#### Data extracts
- - -
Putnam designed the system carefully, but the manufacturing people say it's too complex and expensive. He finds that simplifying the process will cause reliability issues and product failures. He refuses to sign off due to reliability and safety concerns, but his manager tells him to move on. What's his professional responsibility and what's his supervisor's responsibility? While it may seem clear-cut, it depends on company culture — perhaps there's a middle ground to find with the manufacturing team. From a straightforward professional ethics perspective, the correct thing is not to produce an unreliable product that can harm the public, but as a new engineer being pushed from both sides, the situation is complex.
- - -
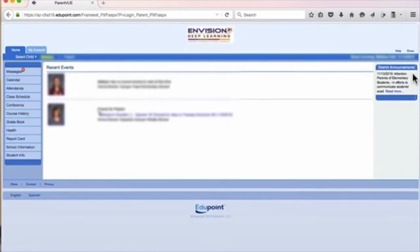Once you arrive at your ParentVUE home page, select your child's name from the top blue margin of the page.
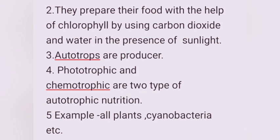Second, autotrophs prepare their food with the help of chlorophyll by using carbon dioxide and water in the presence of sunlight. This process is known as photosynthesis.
- - -
#### Work instruction
Transcribe, exactly and without pictures, everything in the data from the line with "Once you arrive" down to the line with "Second, autotrophs prepare", both included.

#### Problem solution
Once you arrive at your ParentVUE home page, select your child's name from the top blue margin of the page.
Second, autotrophs prepare their food with the help of chlorophyll by using carbon dioxide and water in the presence of sunlight. This process is known as photosynthesis.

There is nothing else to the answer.